[Problem statement] Word for word and without images, transcribe all of the records.

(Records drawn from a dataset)
- Opening Delimiter -

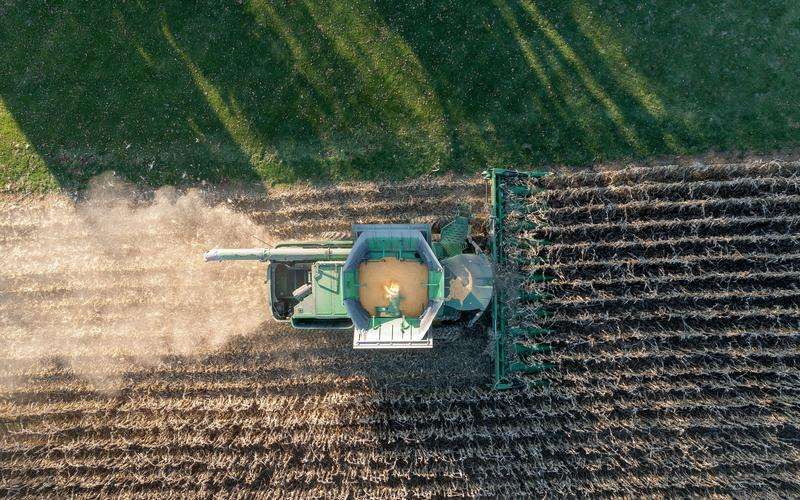 如何評估機(jī)器視覺廠家的創(chuàng)新能力和技術(shù)前瞻性 如何評估機(jī)器視覺廠家的創(chuàng)新能力和技術(shù)前瞻性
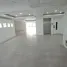 2,056 Sqft Office for rent in Peru, San Isidro, Lima, Lima, Peru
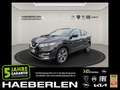 Nissan Qashqai 1.6 DIG-T N-Connecta Navi+SHZ+2xKlima+LM Schwarz - thumbnail 1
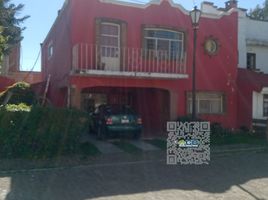 3 Schlafzimmer Villa zu verkaufen in San Jeronimo Tecuanipan, Puebla, San Jeronimo Tecuanipan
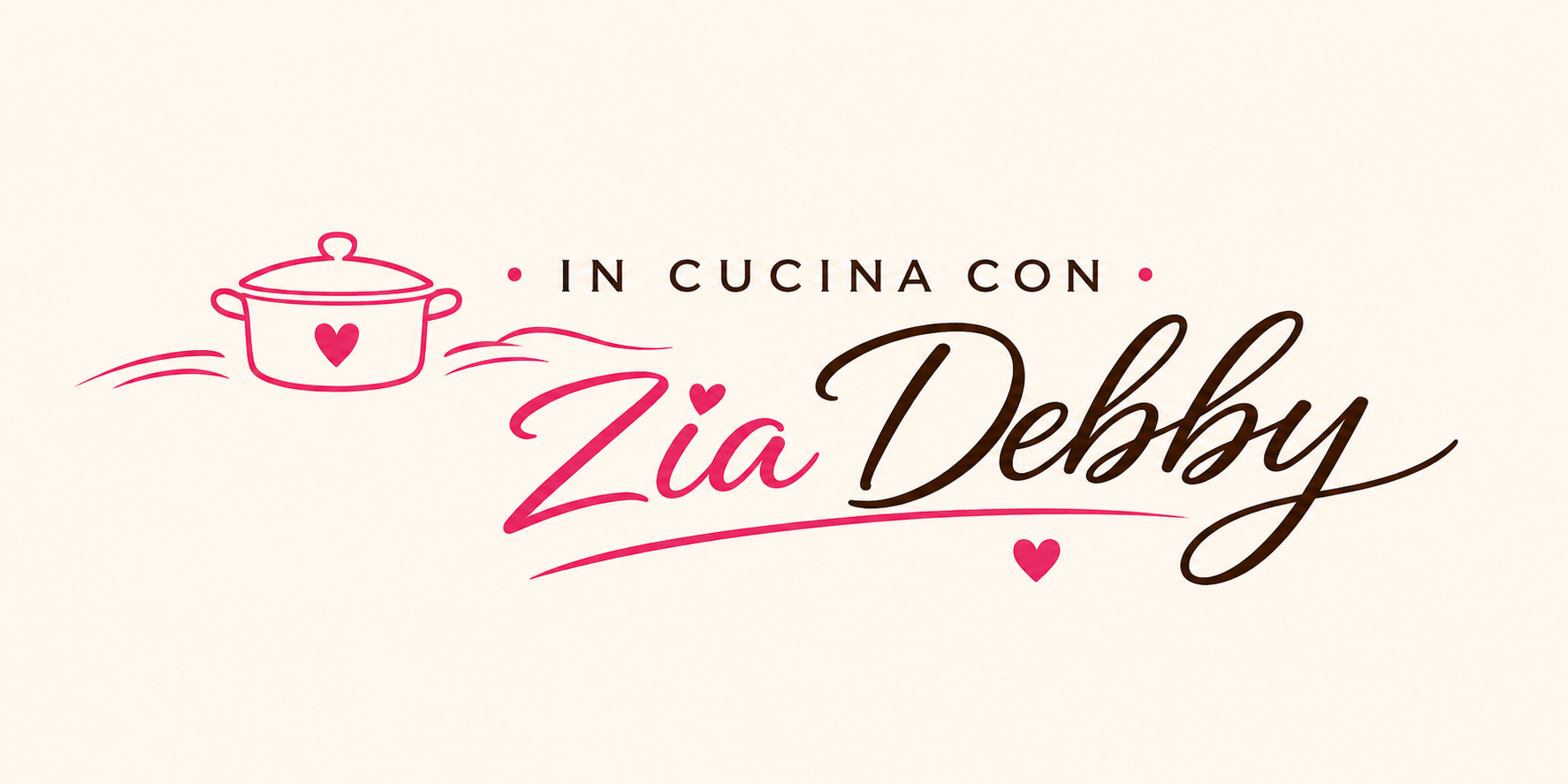 Logo sito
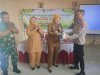 KECAMATAN KLATEN UTARA RESMI LUNCURKAN RPPA "OEMAH TEDUH" DAN INOVASI KOLANG-KALING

- Closing Delimiter -

[Output of the exercise]
 如何評估機(jī)器視覺廠家的創(chuàng)新能力和技術(shù)前瞻性 如何評估機(jī)器視覺廠家的創(chuàng)新能力和技術(shù)前瞻性
 2,056 Sqft Office for rent in Peru, San Isidro, Lima, Lima, Peru
 Nissan Qashqai 1.6 DIG-T N-Connecta Navi+SHZ+2xKlima+LM Schwarz - thumbnail 1
 3 Schlafzimmer Villa zu verkaufen in San Jeronimo Tecuanipan, Puebla, San Jeronimo Tecuanipan
 Logo sito
 KECAMATAN KLATEN UTARA RESMI LUNCURKAN RPPA "OEMAH TEDUH" DAN INOVASI KOLANG-KALING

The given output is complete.